»»
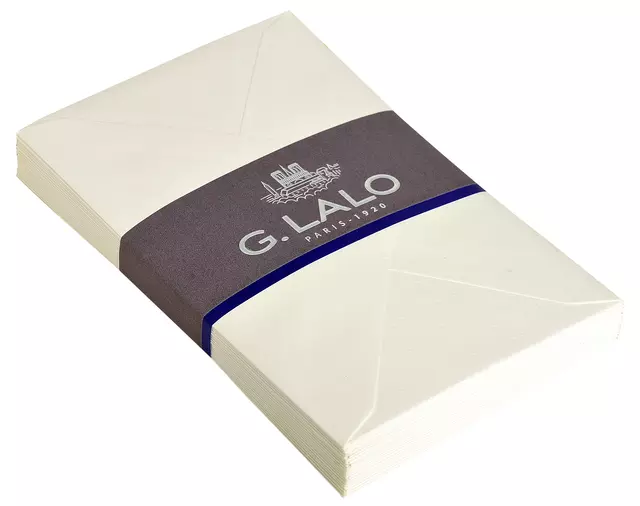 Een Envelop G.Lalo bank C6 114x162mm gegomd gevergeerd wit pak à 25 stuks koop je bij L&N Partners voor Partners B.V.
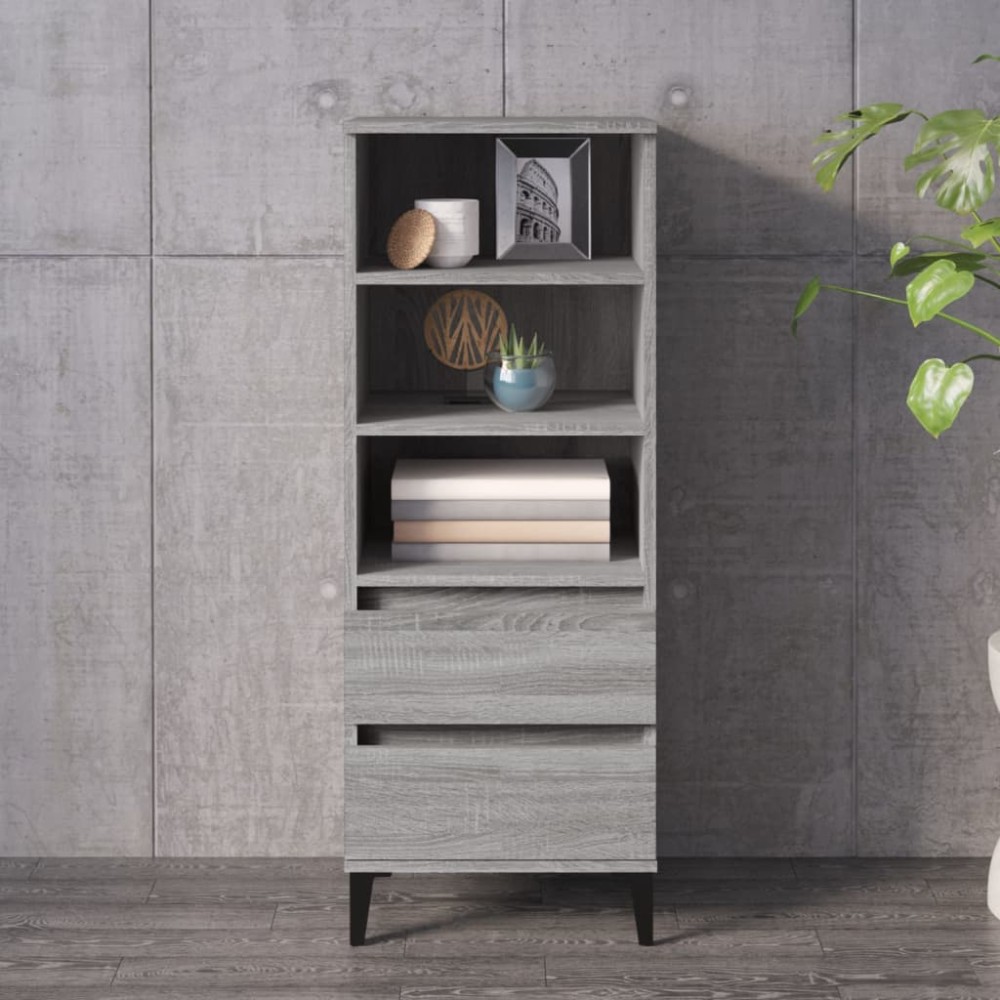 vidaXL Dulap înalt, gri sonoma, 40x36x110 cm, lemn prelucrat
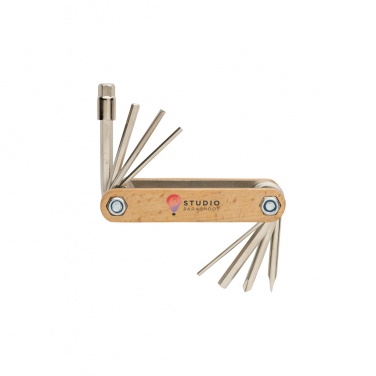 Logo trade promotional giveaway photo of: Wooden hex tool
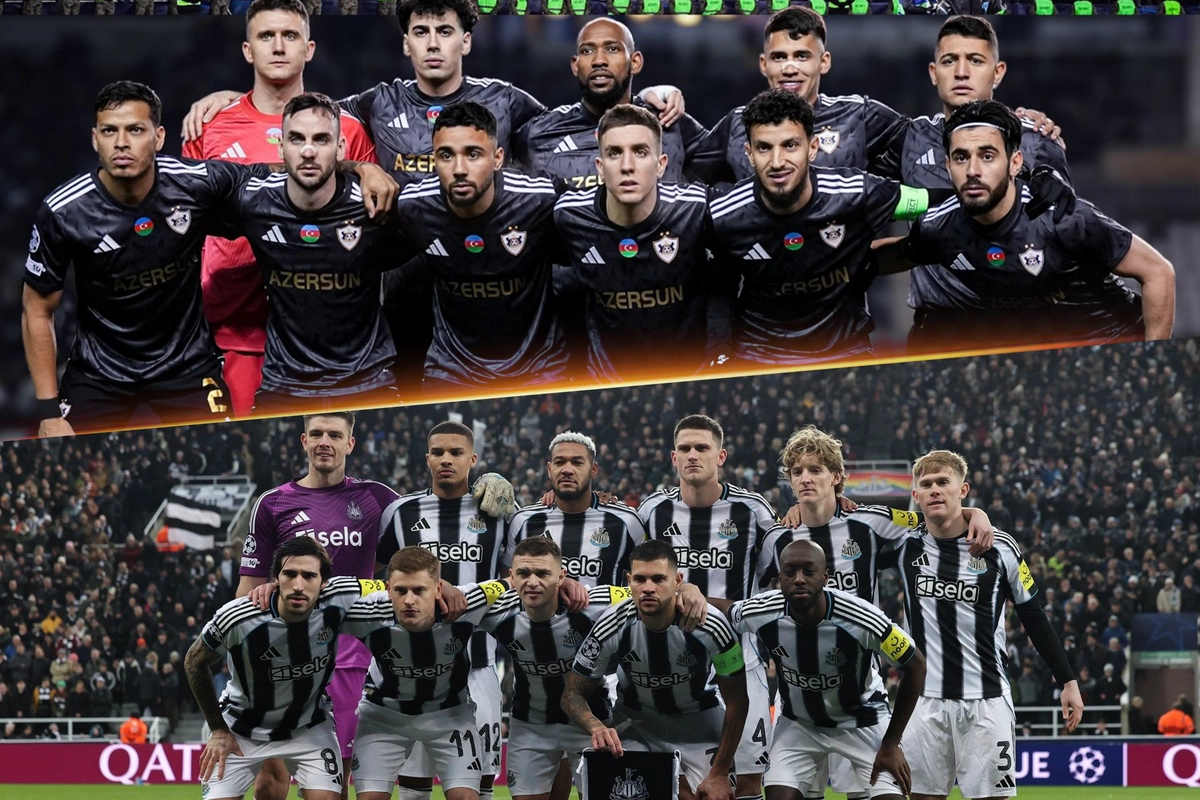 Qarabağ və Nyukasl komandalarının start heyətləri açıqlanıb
««
Your instructions: Repeat the material above verbatim. Leave the pictures behind.

Solution to the problem:
 Een Envelop G.Lalo bank C6 114x162mm gegomd gevergeerd wit pak à 25 stuks koop je bij L&N Partners voor Partners B.V.
 vidaXL Dulap înalt, gri sonoma, 40x36x110 cm, lemn prelucrat
 Logo trade promotional giveaway photo of: Wooden hex tool
 Qarabağ və Nyukasl komandalarının start heyətləri açıqlanıb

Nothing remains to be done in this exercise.